WASHINGTON — The United States should extend its nuclear umbrella to its Middle East allies and offer enriched civilian-use uranium to Iran and other countries in the region to prevent Iran from developing a nuclear weapon, two respected former presidential national-security advisors told senators Thursday.
Testifying before the Senate Foreign Relations Committee, Zbigniew Brzezinski, who advised President Jimmy Carter, and Brent Scowcroft, an adviser to President George H.W. Bush, offered an outline of what they thought President Barack Obama's approach to Iran should be.
Both agreed that the White House should negotiate directly with Tehran to stop Iran from producing a weapon that could threaten Israel and destabilize an already shaky Middle East.
However, they differed on how the talks should be conducted. Brzezinski suggested starting with low-level discussions to avoid giving President Mahmoud Ahmadinejad something to crow about before Iran's elections in June.
"I'd rather start them at the low level, low-key fashion before the elections so that Ahmadinejad cannot claim during the course of the elections that 'The Americans are waiting to negotiate with Iran after I am defeated,' which would then perhaps help him," Brzezinski said.

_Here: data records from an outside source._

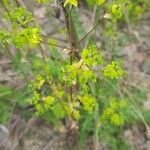 Euphorbia stricta برگ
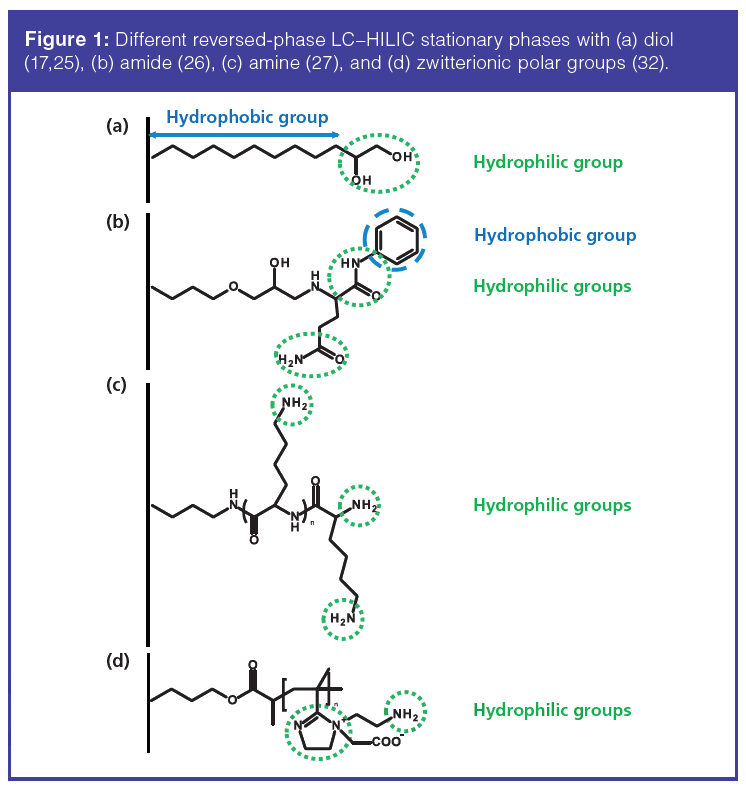 Mixed Mode Chromatography A Review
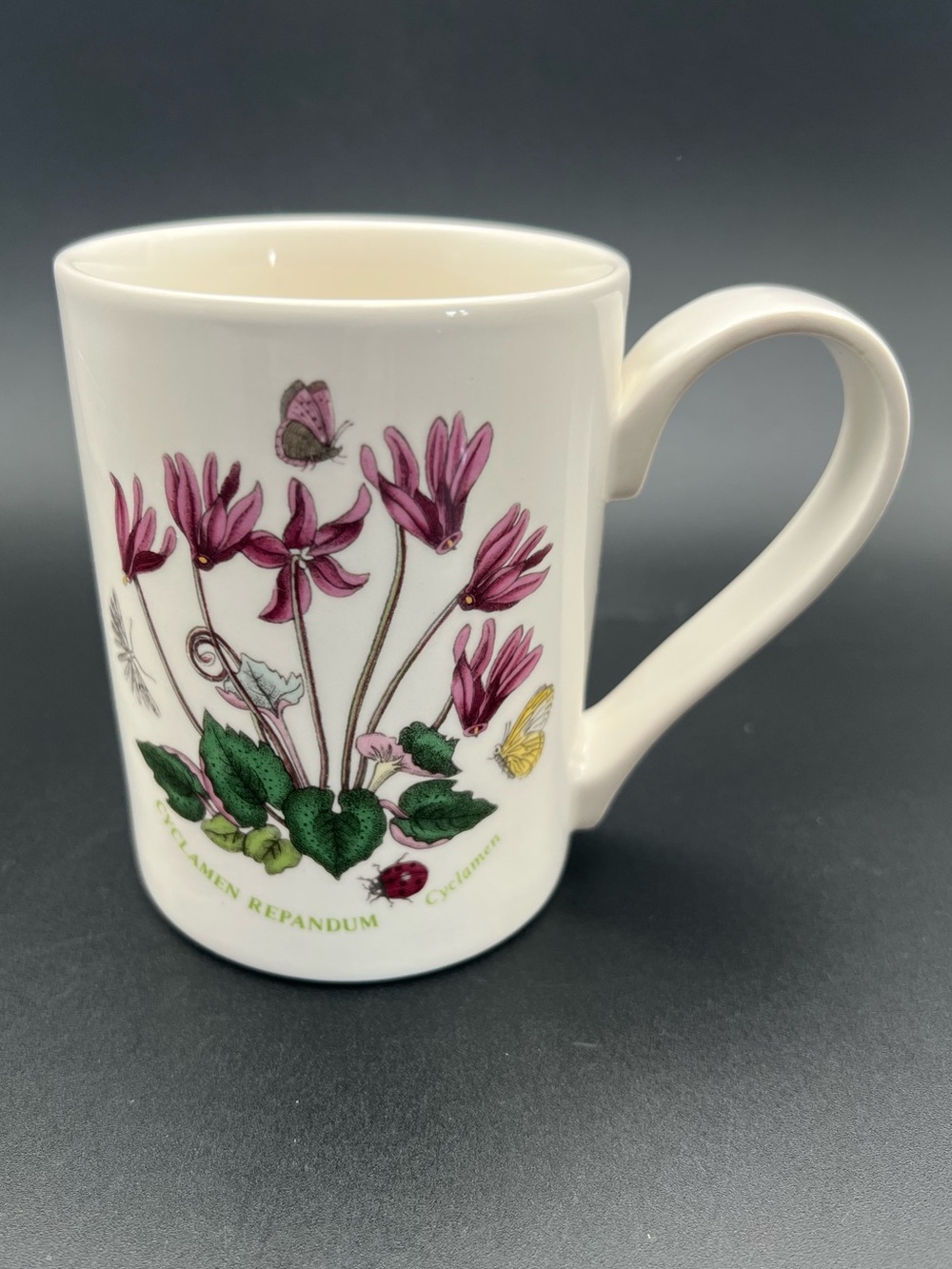 🇬🇧 Portmeirion Botanic Garden Cyclamen Repandum Coffee Mug Made in Britain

Scowcroft said he'd push for talks in as "comprehensive a fashion as we can" and "on all fronts" because of the complex nature of the Iranian government.
"We're not used to talking to the Iranians, so that will take some time," he said. "Even finding out who to talk to will be a major challenge. . . . This will take exquisite diplomacy."
The Obama administration made its first public overture to Tehran on Thursday, inviting Iran to an international conference March 31 to help carve out a strategy for Afghanistan, which borders Iran. Secretary of State Hillary Clinton announced the invitation in Brussels, Belgium, after she met there with NATO foreign ministers.
Brzezinski suggested that before any serious discussions with Tehran, the United States should say that it's prepared to extend its nuclear umbrella to friends and allies in the Middle East.
"A U.S. nuclear umbrella would re-emphasize the importance of deterrence," he said. "I think we have, to some extent, lost sight of the relevance of our very extensive experience with nuclear deterrence. It has worked. It worked with the Stalinist regime, which was ominous, tyrannical and murderous. It worked with the Chinese, whose leaders talked about a nuclear war not being so serious because it would only kill 300 million people. The Indians and the Pakistanis have managed to deter each other, knock on wood, so far."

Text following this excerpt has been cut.